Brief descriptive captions

##############################

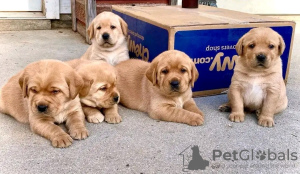 Photo №1. golden retriever - à vendre en ville de Helsinki | 379€ | Annonce №65403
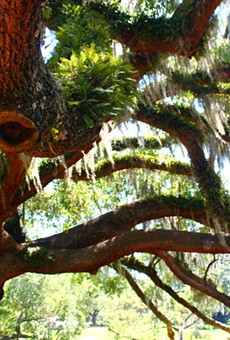 A not-too-comprehensive review of Orlando's significant trees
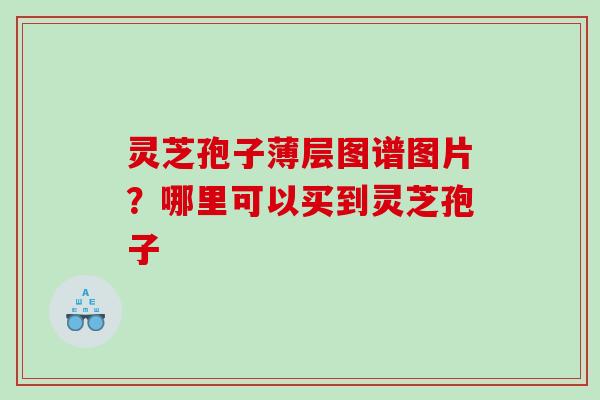 灵芝孢子薄层图谱图片？哪里可以买到灵芝孢子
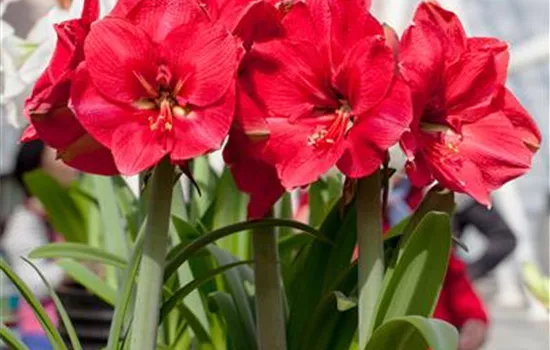 Pflanzzeit für Amaryllis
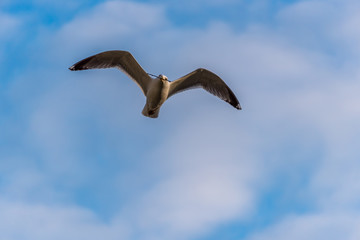 Seagull Flying with Wings Spread in a Partly Cloudy Sky with a Stick in its Beak
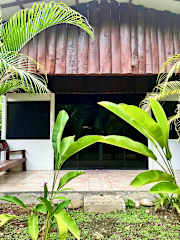 Green House Cocles의 사진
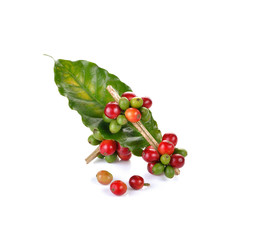 fresh coffee beans isolated on white background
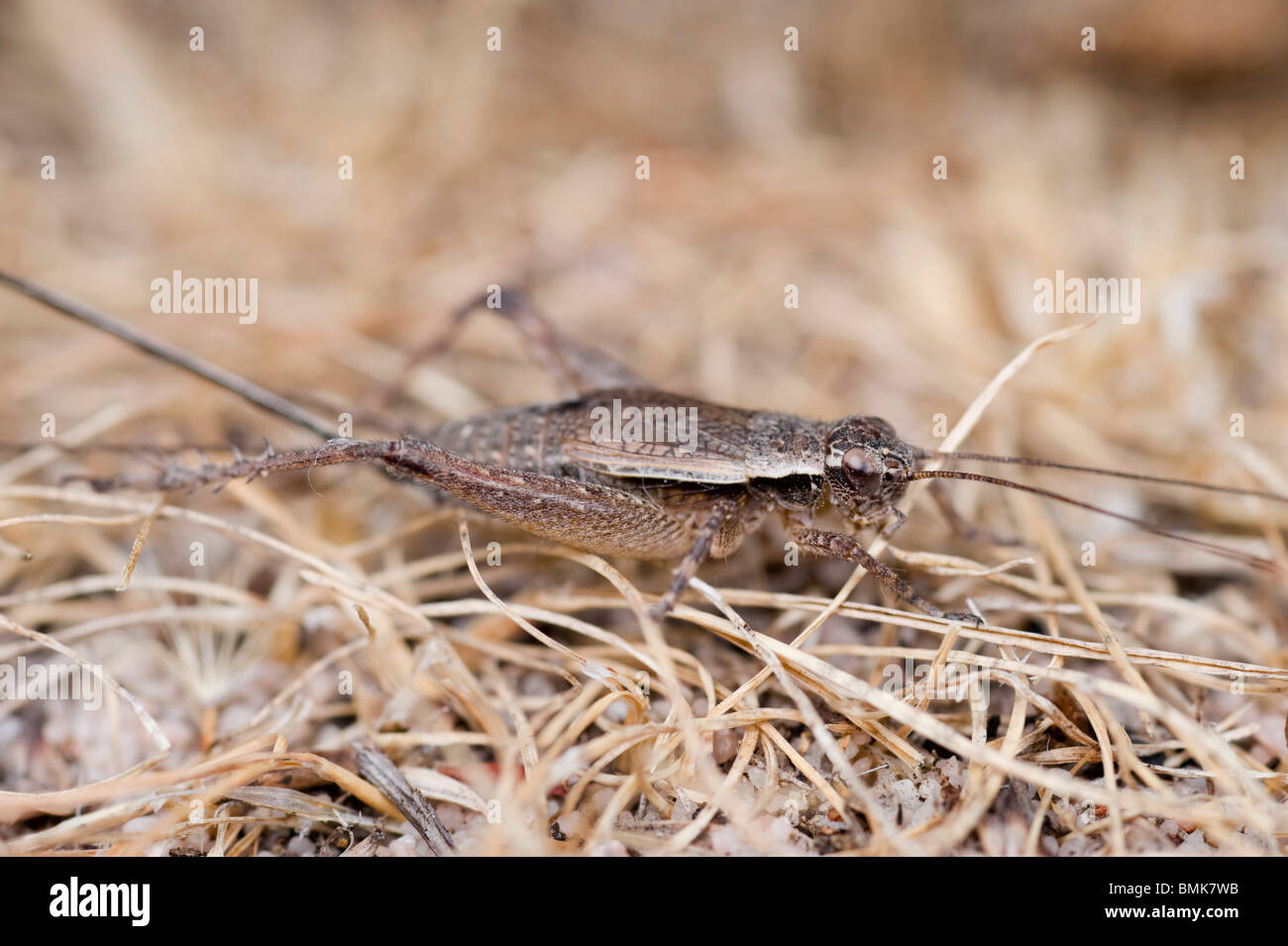Australische gebürtige cricket Stockfoto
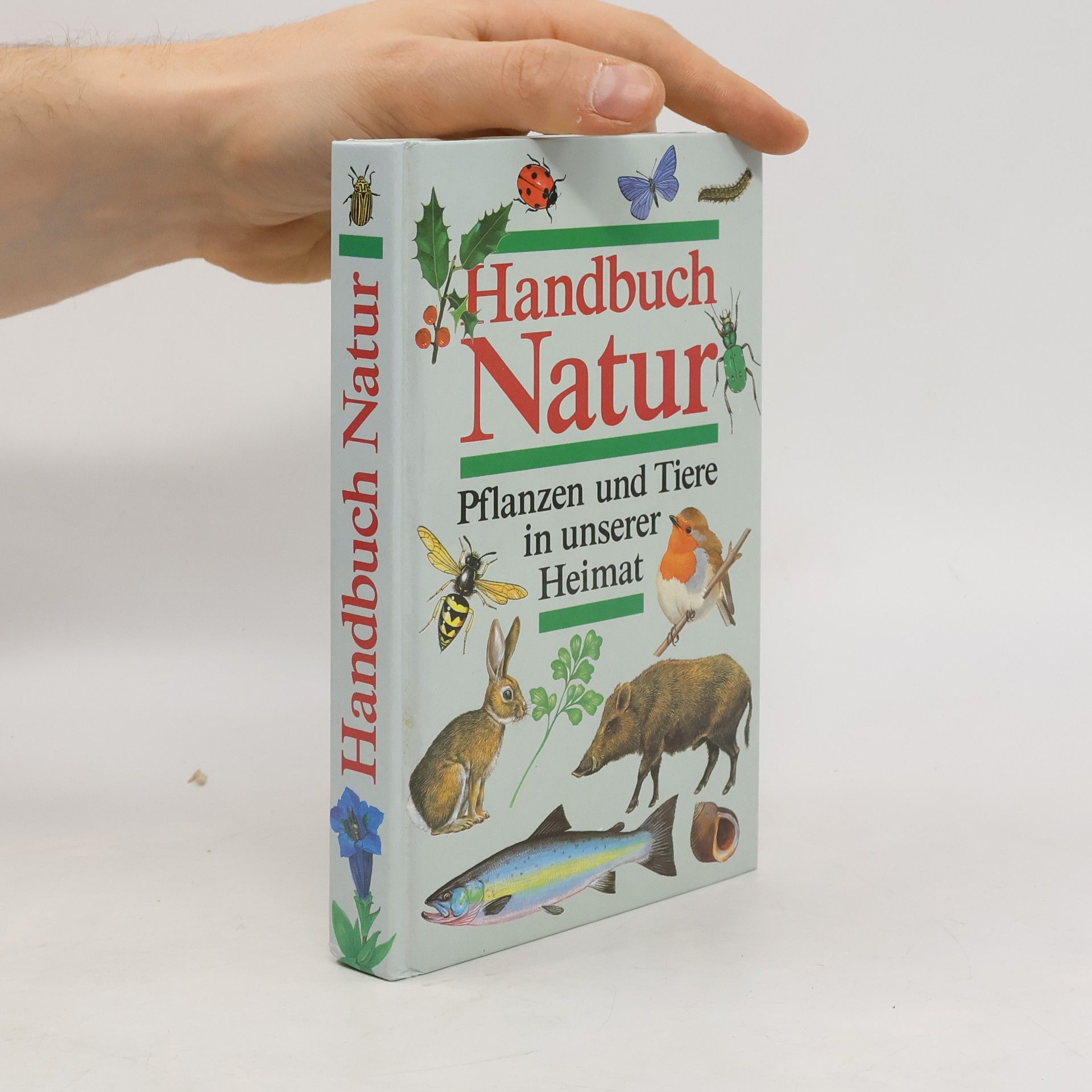 Marcus Würmli Handbuch Natur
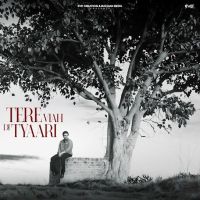 Tere Viah Di Tyaari Armaan Bedil mp3 song download, Tere Viah Di Tyaari Armaan Bedil full album mp3 song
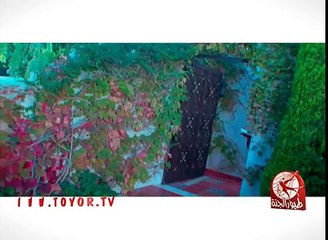 قلب الماما - عمر الصعيدي طيور الجنة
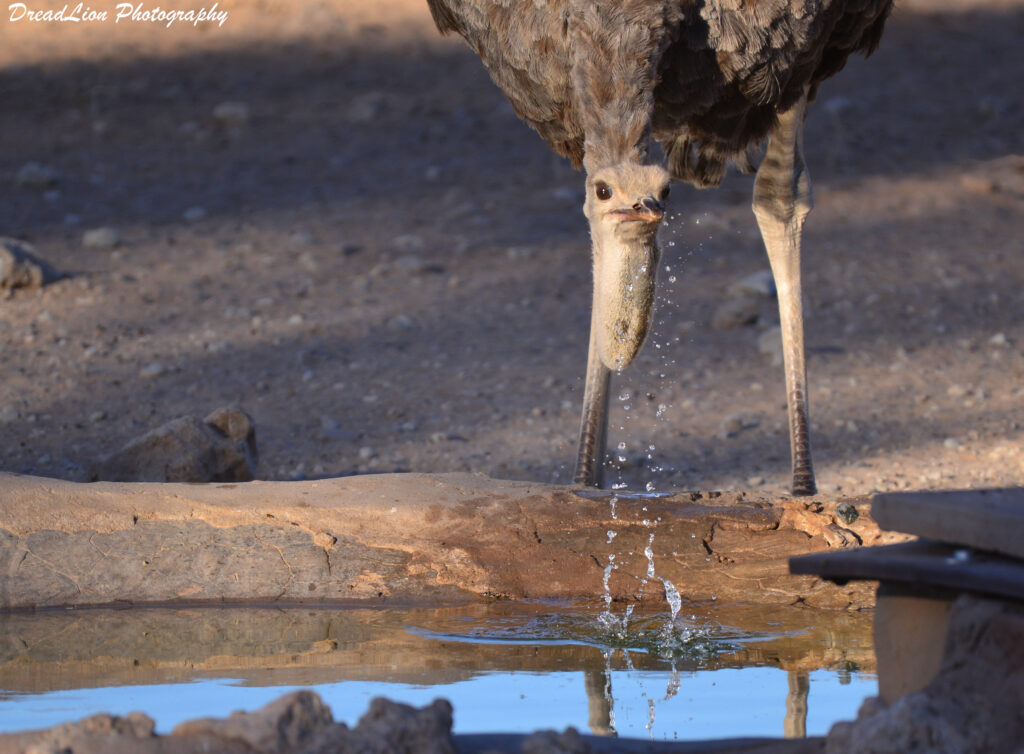 female ostrich looking at the camera and drinking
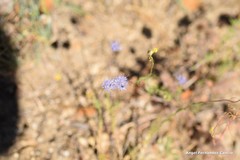 Jasione sessiliflora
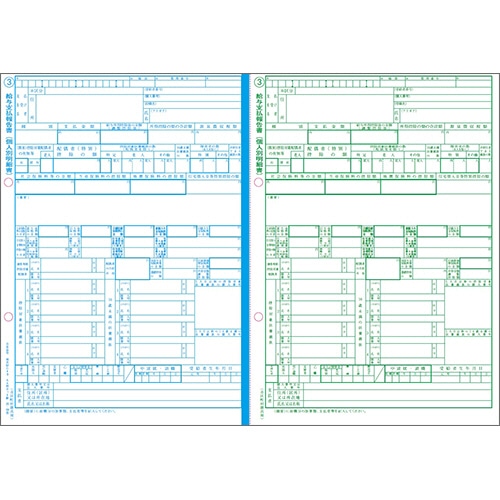 日本法令 給与支払報告書(給与所得の源泉徴収票付) A4判カット紙 令和3年提出用(令和2年分) 地方MC-3C-R02 1冊(30セット)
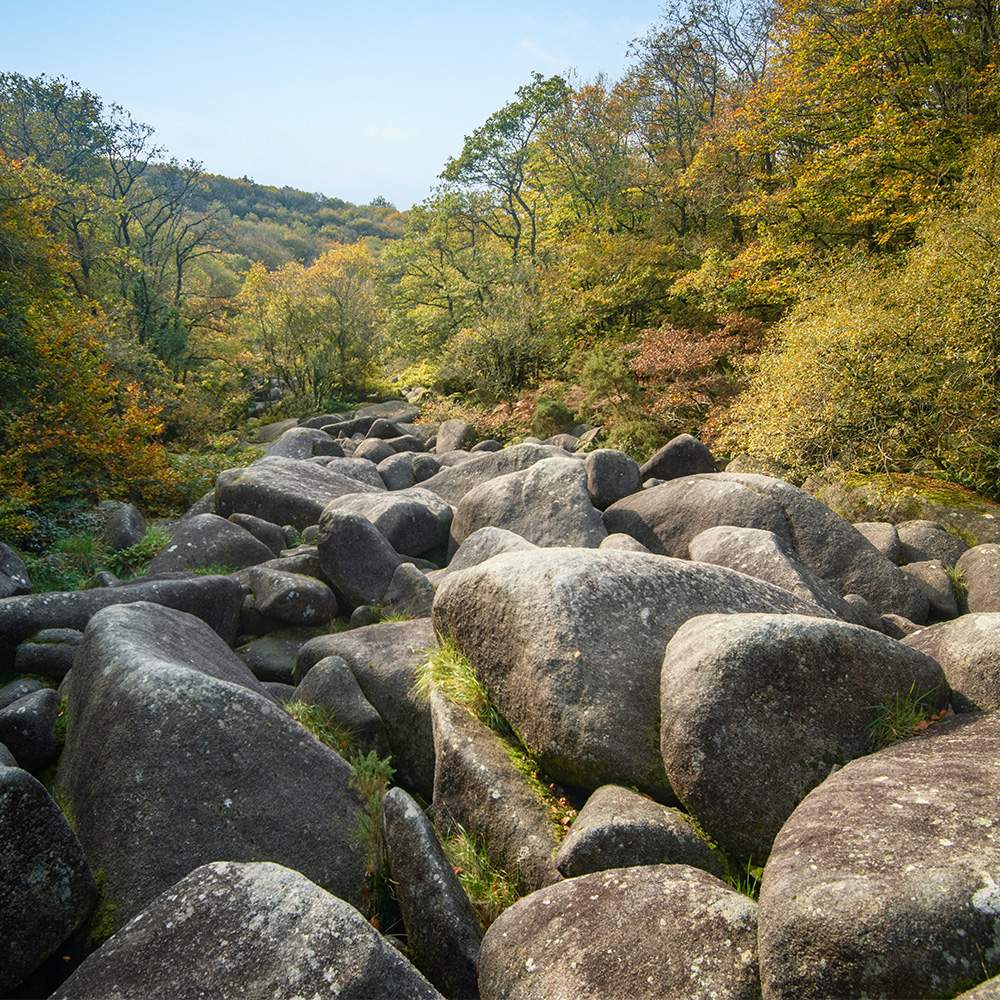 Géobiologie de l'habitat près de Coulommiers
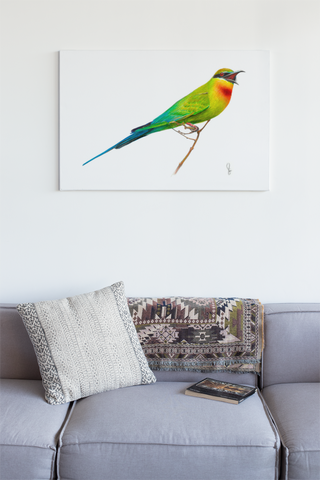 "Blue Tailed Bee Eater" (Merops Philippinus) Framed Canvas Print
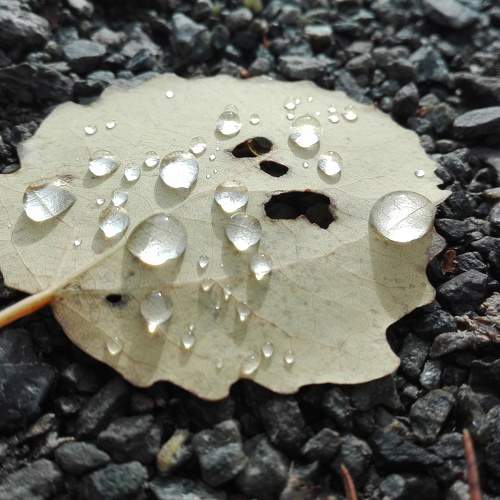 Photo #8473695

##############################

▸ The problem: Omit the pictures; print the records above exactly.

▸ Written solution:
 Photo №1. golden retriever - à vendre en ville de Helsinki | 379€ | Annonce №65403
 A not-too-comprehensive review of Orlando's significant trees
 灵芝孢子薄层图谱图片？哪里可以买到灵芝孢子
 Pflanzzeit für Amaryllis
 Seagull Flying with Wings Spread in a Partly Cloudy Sky with a Stick in its Beak
 Green House Cocles의 사진
 fresh coffee beans isolated on white background
Australische gebürtige cricket Stockfoto
 Marcus Würmli Handbuch Natur
 Tere Viah Di Tyaari Armaan Bedil mp3 song download, Tere Viah Di Tyaari Armaan Bedil full album mp3 song
 قلب الماما - عمر الصعيدي طيور الجنة
 female ostrich looking at the camera and drinking
 Jasione sessiliflora
 日本法令 給与支払報告書(給与所得の源泉徴収票付) A4判カット紙 令和3年提出用(令和2年分) 地方MC-3C-R02 1冊(30セット)
 Géobiologie de l'habitat près de Coulommiers
 "Blue Tailed Bee Eater" (Merops Philippinus) Framed Canvas Print
 Photo #8473695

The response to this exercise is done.